MAS publishes an Information Paper on Strengthening AML/CFT Practices for External Asset Managers

August 2022

On 24 August 2022, the Monetary Authority of Singapore (“MAS”) published an Information Paper on Strengthening AML/CFT Practices for External Asset Managers (“Information Paper”). The Information Paper follows from a series of anti-money laundering and countering the financing of terrorism (“AML/CFT”) thematic inspections and engagements conducted by MAS on selected external asset managers (“EAMs”).

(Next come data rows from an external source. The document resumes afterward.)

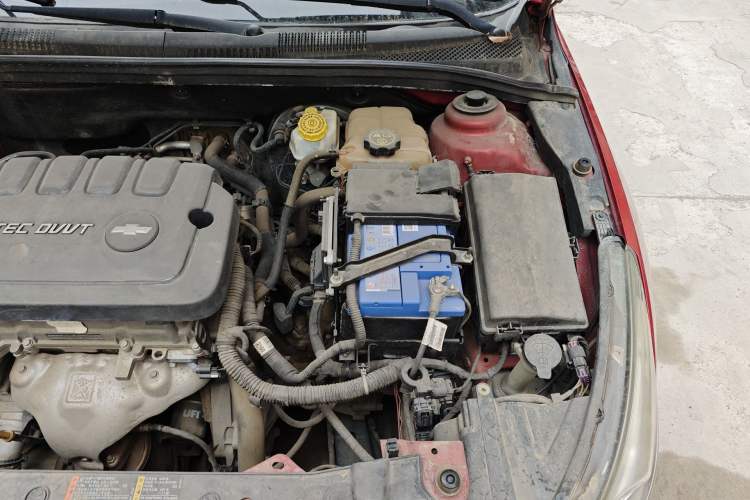 Used Chevrolet Cruze 2015 1.5L Classic SL MT Engine Bay Left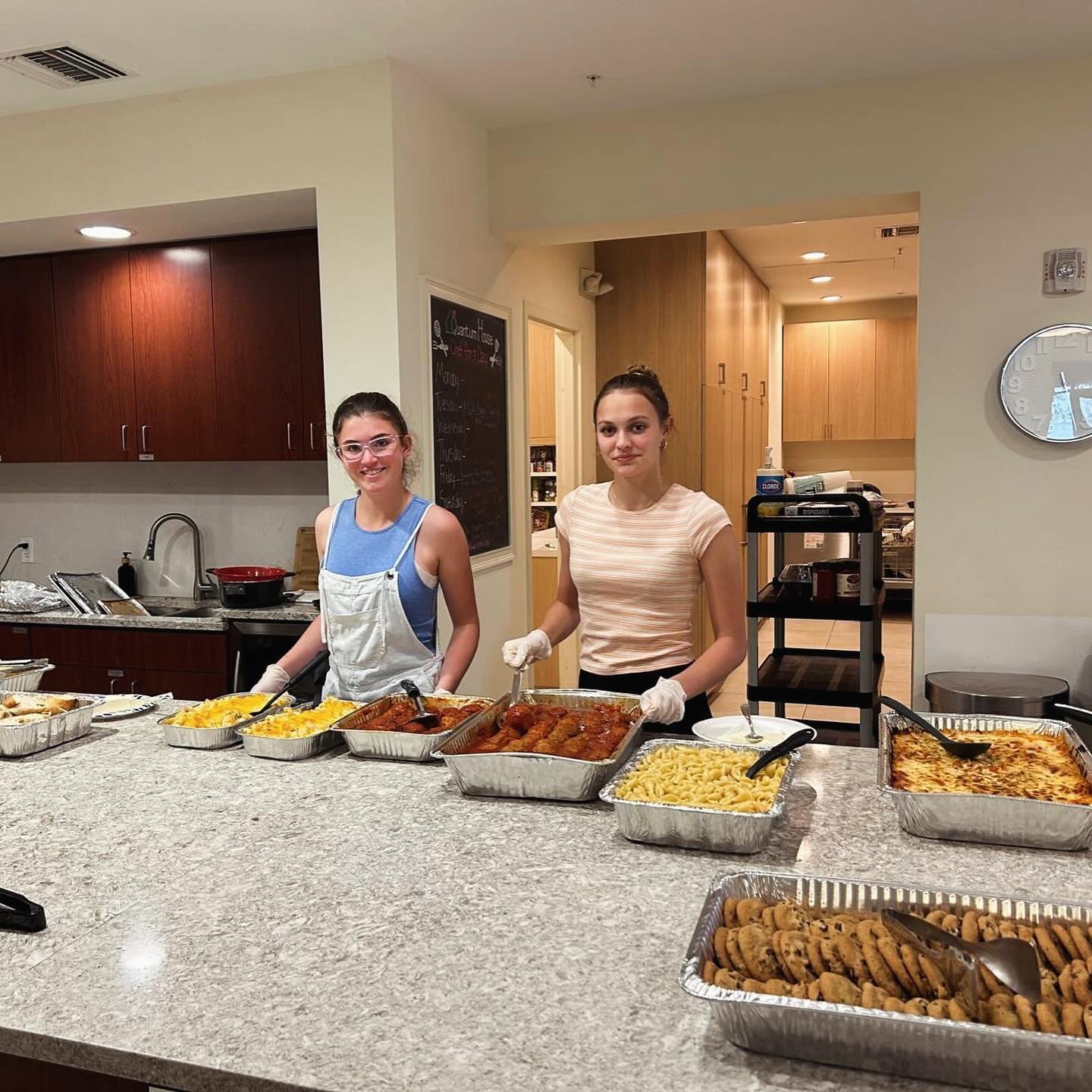 🔙✨ Throwback to Marin R. and Audrey H.'s heartwarming adventure at Quantum House last month! 

🍳🏠 These NJHs superstars turned up the heat in the kitchen, whipping up delicious meals for families in need. 

🌟💖 Let's rewind and relive the magic o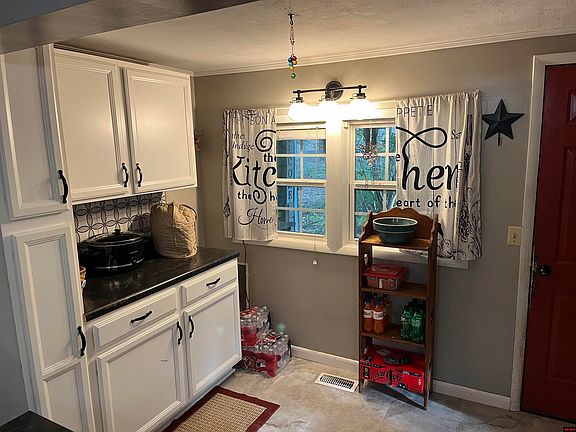 3rd image of 502 Shorecrest Dr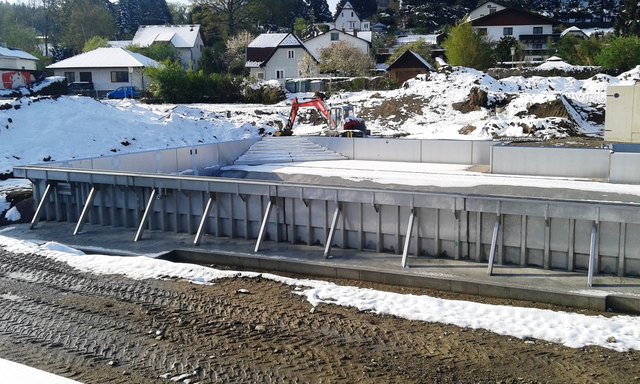 Der Wintereinbruch im April, kurz nach Ostern, legte die Freibad-Baustelle neuerlich lahm. | Foto: PKomm
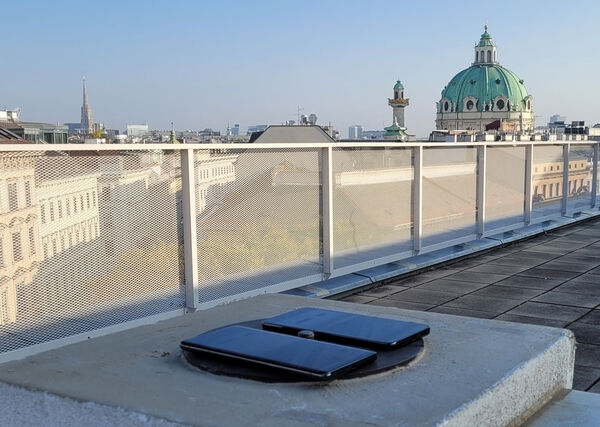 Abbildung 1: GNSS-Messungen mit dem Smartphone auf einem geodätischen Messpfeiler am Messdach der TU Wien.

This is also in line with the MAS’ enforcement priorities of pursuing strong enforcement actions against financial institutions for serious lapses in AML/CFT systems and controls.

In the context of the Information Paper, the MAS has generally identified EAMs to be fund management companies that manage the assets of high net worth customers that are custodised with private banks on an advisory or discretionary basis, and/or manage funds that are sold to high net worth customers.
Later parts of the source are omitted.